Auditing Functionality

Once content is in DuraCloud, we need a way to audit that content and compare it to what is currently in DSpace.

A very simple DuraCloud/DSpace auditing workflow may be as follows:

  1. Export an AIP for a random DSpace Object (or a chosen one) to local filesystem
  2. Generate a local checksum of the exported AIP
  3. Using the DuraCloud REST API, compare that local checksum with the checksum for that item as stored in DuraCloud
    • If the checksums match, then the content is identical (successful audit)
    • If they don't match, then you know one or the other is out of sync
  4. Repeat as necessary for some/all objects in DSpace

2 Comments

  1. It would be nice if the sync. tool, when running with auto-delete disabled, could mark the copy in DuraCloud as "undeletable".  An undeletable file could not be deleted until the "undeletable" flag is turned off.  There should be no code in the sync. tool to turn the flag off.  Then an accidental failure to disable auto-delete would be an annoyance, not a disaster.  (Here we need to distinguish deletion from replacement.  I have no idea how much work would be required to make that distinction possible in DuraCloud.)

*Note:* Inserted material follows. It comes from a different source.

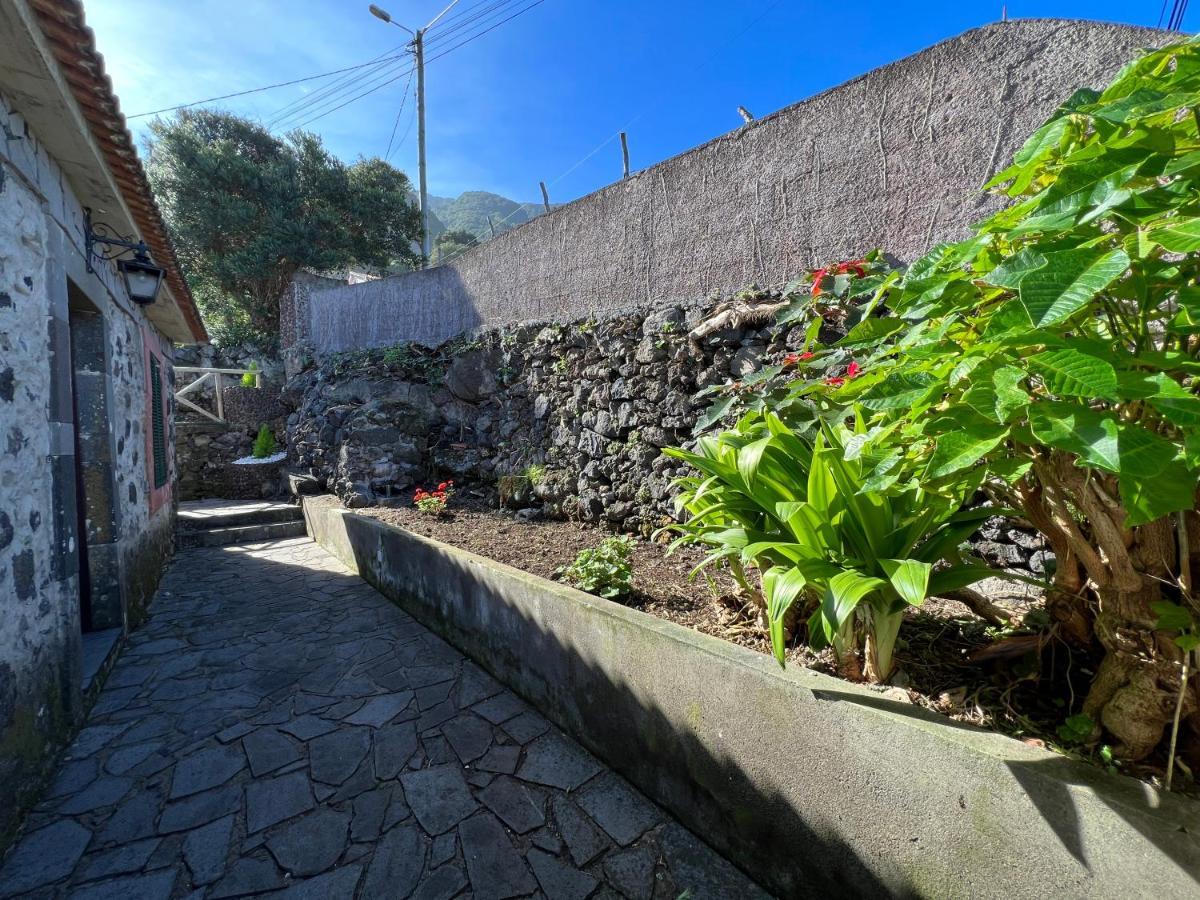 Gouveia Cottage Seixal  Exterior photo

    Or, much simpler:  add a "copy" tool, to be used instead of the "sync" tool when you are doing partial mirroring.  The "copy" tool would have no code for deleting anything.  It can still do smart copying by comparing checksums or whatever, but it only puts objects into the cloud; it never removes objects from the cloud.

    1. Good ideas Mark! I'll pass these on to Bill Branan & the DuraCloud team.